It works without needing to open a port because the Cloud Connector add-on initiates the connection to myopenhab.org instead of the other way around. But in all other respects, it works like an nginx reverse proxy you might configure yourself. Though it is of course limited to only proxying stuff that you access through the OH built in Jetty server so you can’t use it to, for example, get at your Grafana server.

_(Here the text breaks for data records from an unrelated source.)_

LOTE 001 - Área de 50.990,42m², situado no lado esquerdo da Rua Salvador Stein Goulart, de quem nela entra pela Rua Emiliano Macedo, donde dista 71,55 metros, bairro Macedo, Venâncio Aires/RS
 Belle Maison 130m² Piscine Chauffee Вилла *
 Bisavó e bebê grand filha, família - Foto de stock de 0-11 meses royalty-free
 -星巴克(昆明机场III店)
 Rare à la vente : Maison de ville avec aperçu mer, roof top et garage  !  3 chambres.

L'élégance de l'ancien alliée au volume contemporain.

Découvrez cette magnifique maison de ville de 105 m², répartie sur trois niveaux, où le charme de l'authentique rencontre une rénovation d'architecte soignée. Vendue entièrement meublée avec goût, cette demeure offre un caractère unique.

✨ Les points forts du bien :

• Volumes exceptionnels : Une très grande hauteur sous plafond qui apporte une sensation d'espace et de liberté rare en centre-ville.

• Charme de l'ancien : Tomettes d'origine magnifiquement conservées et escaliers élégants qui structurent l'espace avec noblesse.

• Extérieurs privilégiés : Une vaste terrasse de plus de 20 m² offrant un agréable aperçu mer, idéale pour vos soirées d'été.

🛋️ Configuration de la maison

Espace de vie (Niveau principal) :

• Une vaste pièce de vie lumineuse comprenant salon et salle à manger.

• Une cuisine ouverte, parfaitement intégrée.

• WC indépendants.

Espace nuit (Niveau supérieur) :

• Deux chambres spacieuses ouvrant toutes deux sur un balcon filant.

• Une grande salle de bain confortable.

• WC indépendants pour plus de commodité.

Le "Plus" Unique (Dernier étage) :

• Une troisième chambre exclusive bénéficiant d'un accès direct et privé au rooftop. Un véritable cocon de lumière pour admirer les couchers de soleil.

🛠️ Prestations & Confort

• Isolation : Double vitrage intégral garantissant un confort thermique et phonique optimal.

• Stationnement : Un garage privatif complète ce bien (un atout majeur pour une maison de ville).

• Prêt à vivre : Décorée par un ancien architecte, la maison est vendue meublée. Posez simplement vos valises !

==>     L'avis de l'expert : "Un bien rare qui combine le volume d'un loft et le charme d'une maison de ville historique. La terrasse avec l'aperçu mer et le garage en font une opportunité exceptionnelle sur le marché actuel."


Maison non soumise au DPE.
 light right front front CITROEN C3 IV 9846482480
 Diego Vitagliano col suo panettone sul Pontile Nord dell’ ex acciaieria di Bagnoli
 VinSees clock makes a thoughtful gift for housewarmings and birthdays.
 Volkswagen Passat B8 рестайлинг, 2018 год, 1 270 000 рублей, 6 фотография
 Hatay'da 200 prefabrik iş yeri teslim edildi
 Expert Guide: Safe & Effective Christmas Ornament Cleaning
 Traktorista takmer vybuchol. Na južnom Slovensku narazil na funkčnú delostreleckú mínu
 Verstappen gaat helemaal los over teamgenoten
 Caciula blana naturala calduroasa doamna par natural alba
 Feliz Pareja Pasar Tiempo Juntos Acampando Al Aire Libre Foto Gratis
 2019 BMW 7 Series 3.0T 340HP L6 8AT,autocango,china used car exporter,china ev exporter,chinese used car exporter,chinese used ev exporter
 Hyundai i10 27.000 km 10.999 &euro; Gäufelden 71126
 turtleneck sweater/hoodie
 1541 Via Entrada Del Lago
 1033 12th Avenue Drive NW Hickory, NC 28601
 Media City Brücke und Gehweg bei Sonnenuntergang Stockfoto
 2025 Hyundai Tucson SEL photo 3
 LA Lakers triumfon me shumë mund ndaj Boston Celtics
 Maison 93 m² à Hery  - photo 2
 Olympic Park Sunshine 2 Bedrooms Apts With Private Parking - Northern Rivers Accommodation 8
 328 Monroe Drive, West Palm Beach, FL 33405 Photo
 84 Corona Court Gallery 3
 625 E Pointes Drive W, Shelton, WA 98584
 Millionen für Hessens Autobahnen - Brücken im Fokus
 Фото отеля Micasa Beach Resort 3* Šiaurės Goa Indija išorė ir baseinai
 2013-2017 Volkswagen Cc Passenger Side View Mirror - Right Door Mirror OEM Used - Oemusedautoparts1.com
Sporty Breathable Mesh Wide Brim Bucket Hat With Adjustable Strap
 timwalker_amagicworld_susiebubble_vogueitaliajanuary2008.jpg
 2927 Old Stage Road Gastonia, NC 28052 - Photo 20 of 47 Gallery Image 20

You can create more than one user on myopenhab.org for a given account so I would recommend creating a special account for Rachio and be sure to change that password periodically to avoid needing to share your personal account and password stuff with Rachio. That helps mitigate the risk from that a bit. You can also define this user as just a user and not an admin so they can’t change any of the settings on myopenhab.org. Unfortunately, they will be able to do just about anything else on your openHAB through that account though. :frowning:

but we therefore need to trust Rachio to do the right thing and not save it out to logs that are exposed to the internet or something stupid like that. You might say “who would be so stupid to do that?” Sadly, it happens all the time.

@markus7017 any progress on using the OH cloud to proxy the requests? I am a new rachio owner and would like to use your binding. I made a binding for Somfy blinds and would be happy to try and help you if you need more help with this one.

Hi Rob, do you have any pointers to existing bindings that use this proxy technique already? I am interesting in seeing how a binding could hook into the built in Jetty server to get requests for particular Uris.

Hi, I‘m just overloaded. I also did the Shelly, re-factored the Gree binding, currently working in the Carnet one and MagentaTV requires authentication changes. So dar I didn‘t found the time to look into that. Feel free to implement this and create a PR to my repo. I could manage the review process.

1 Like

Maybe the GPS Tracker binding would be an example.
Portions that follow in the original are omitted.